*** Block opens ***
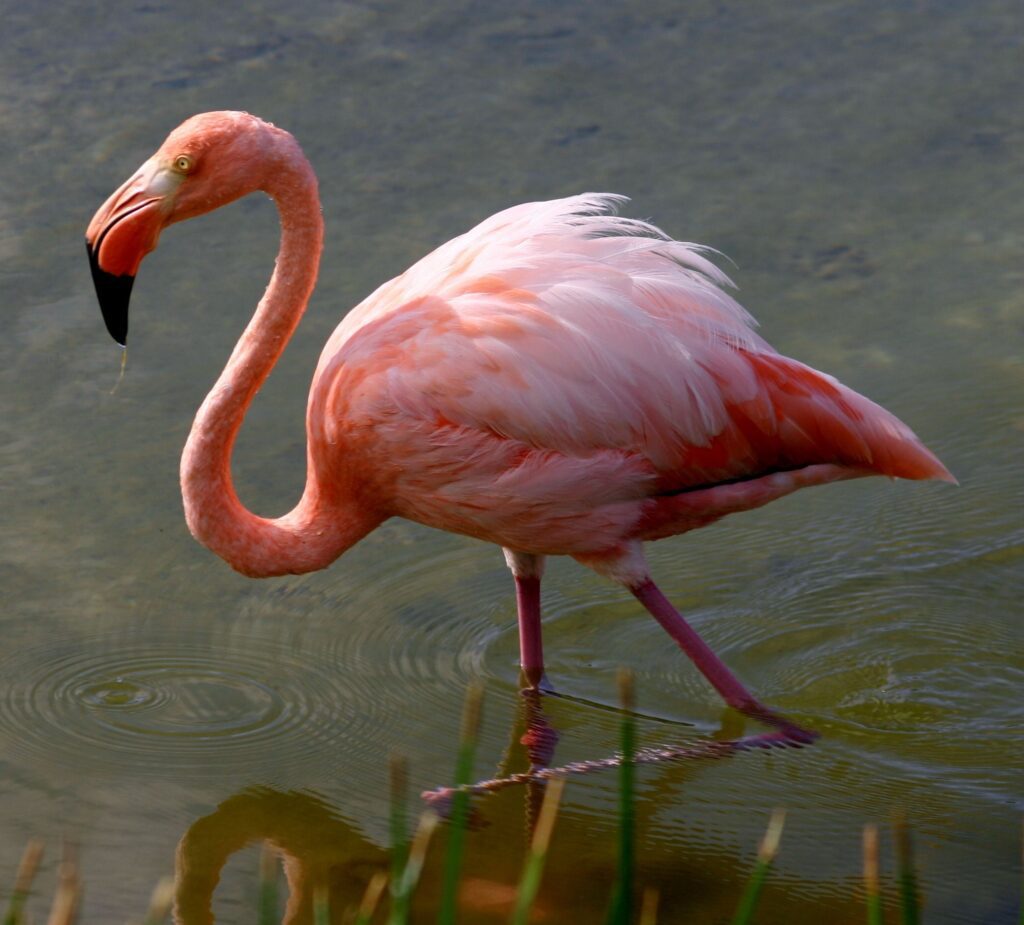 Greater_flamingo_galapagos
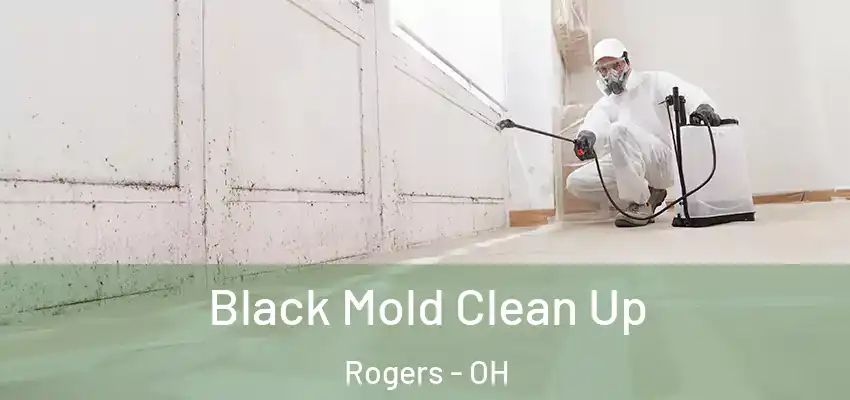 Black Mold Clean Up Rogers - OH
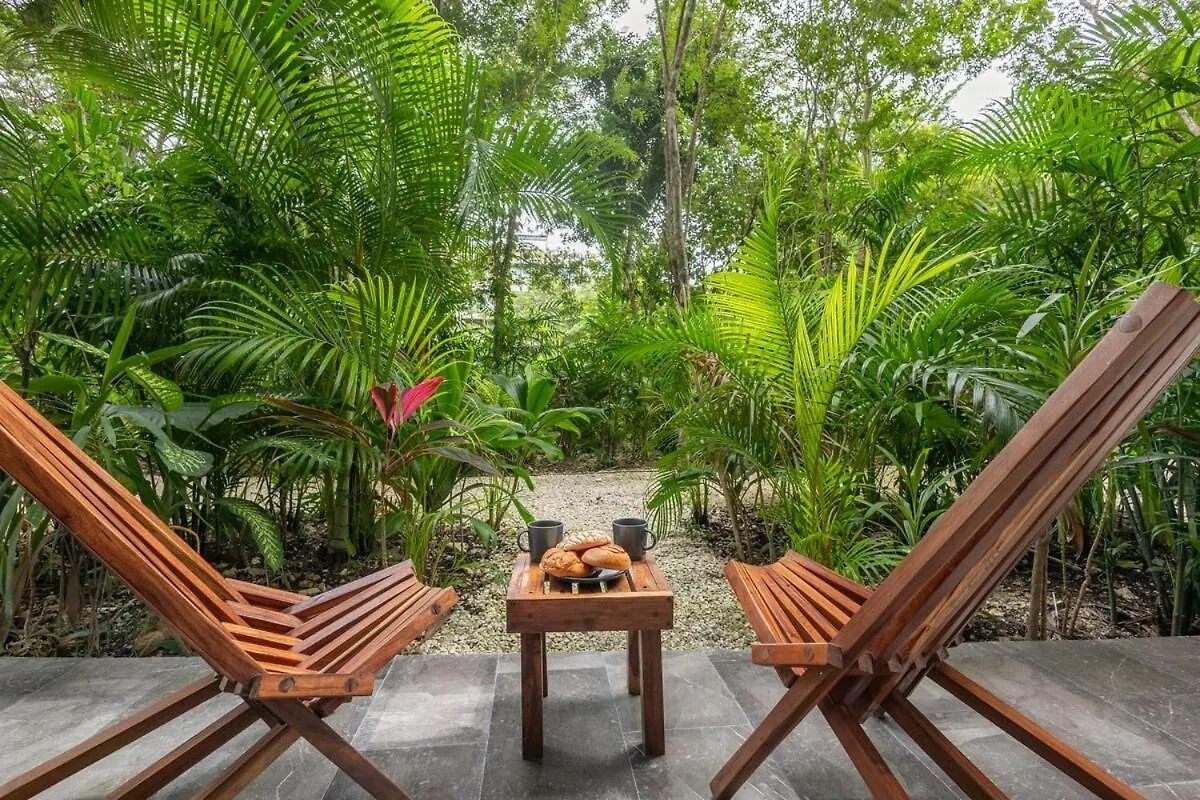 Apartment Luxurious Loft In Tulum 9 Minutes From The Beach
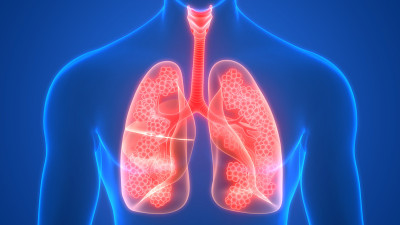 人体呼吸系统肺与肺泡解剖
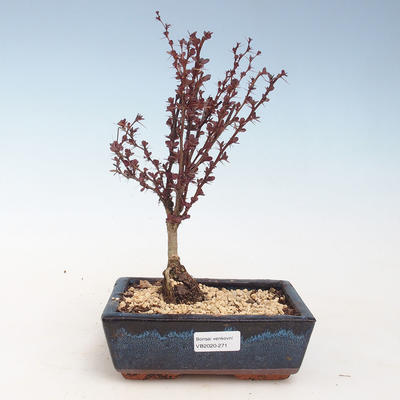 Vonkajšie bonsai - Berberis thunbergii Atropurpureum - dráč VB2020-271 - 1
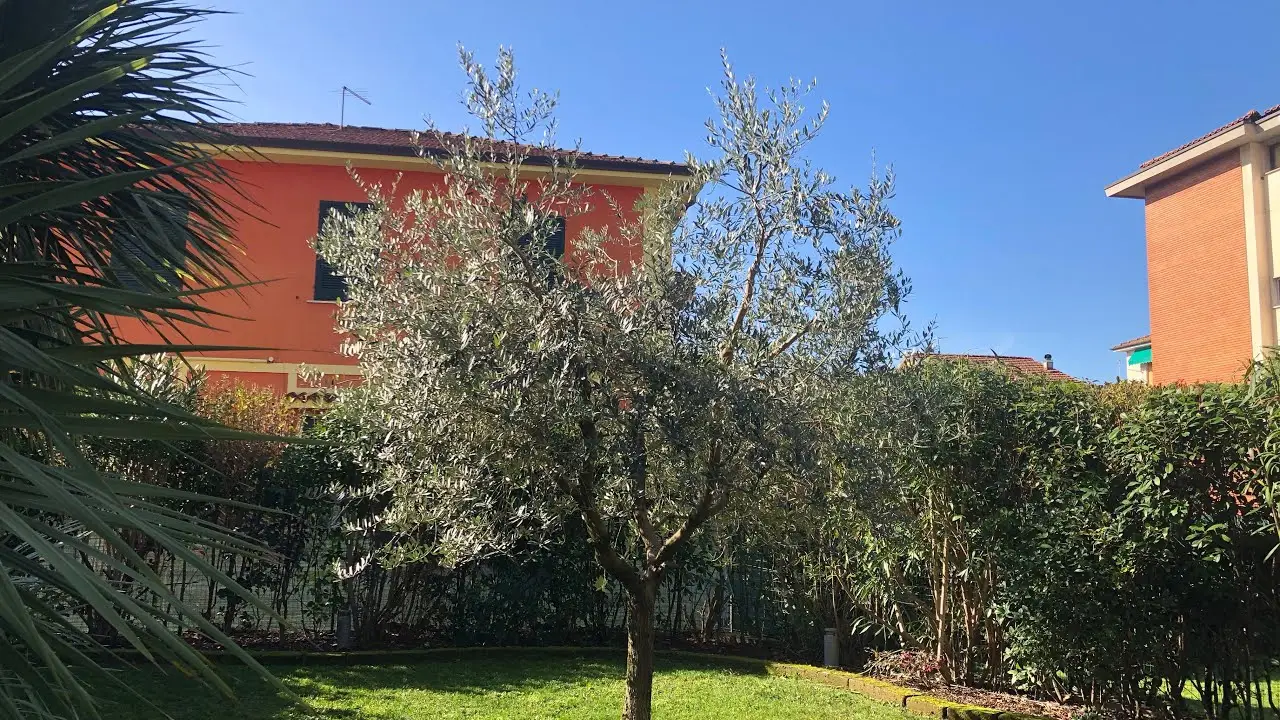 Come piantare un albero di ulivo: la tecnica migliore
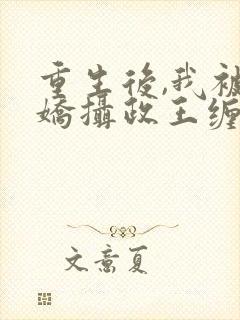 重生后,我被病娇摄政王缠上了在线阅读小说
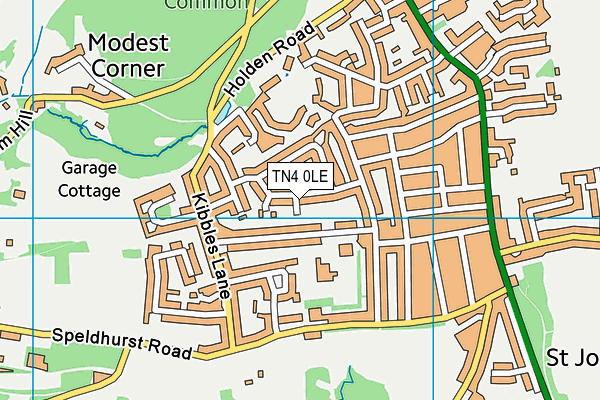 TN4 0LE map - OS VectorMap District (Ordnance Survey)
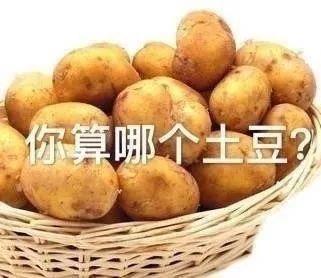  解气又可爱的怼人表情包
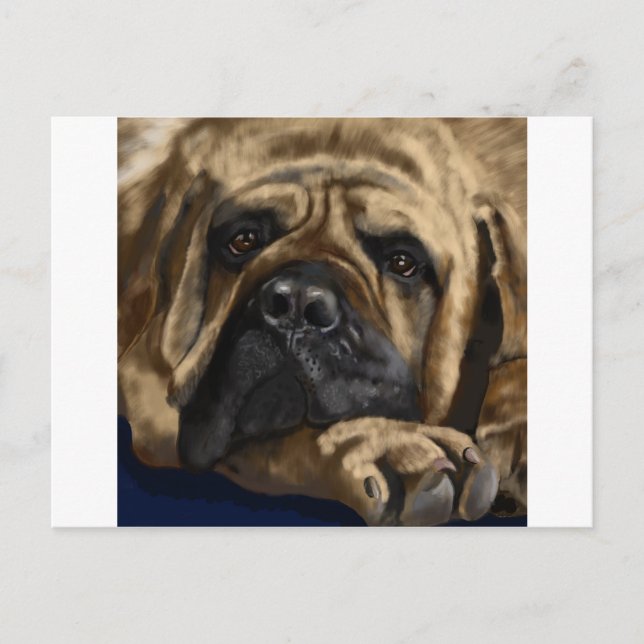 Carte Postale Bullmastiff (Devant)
*** Block closes ***
§ **Directions**:
Return the data above in its exact wording, with none of the pictures.

§ **Response to the task**:
 Greater_flamingo_galapagos
 Black Mold Clean Up Rogers - OH
 Apartment Luxurious Loft In Tulum 9 Minutes From The Beach
 人体呼吸系统肺与肺泡解剖
 Vonkajšie bonsai - Berberis thunbergii Atropurpureum - dráč VB2020-271 - 1
 Come piantare un albero di ulivo: la tecnica migliore
 重生后,我被病娇摄政王缠上了在线阅读小说
 TN4 0LE map - OS VectorMap District (Ordnance Survey)
  解气又可爱的怼人表情包
 Carte Postale Bullmastiff (Devant)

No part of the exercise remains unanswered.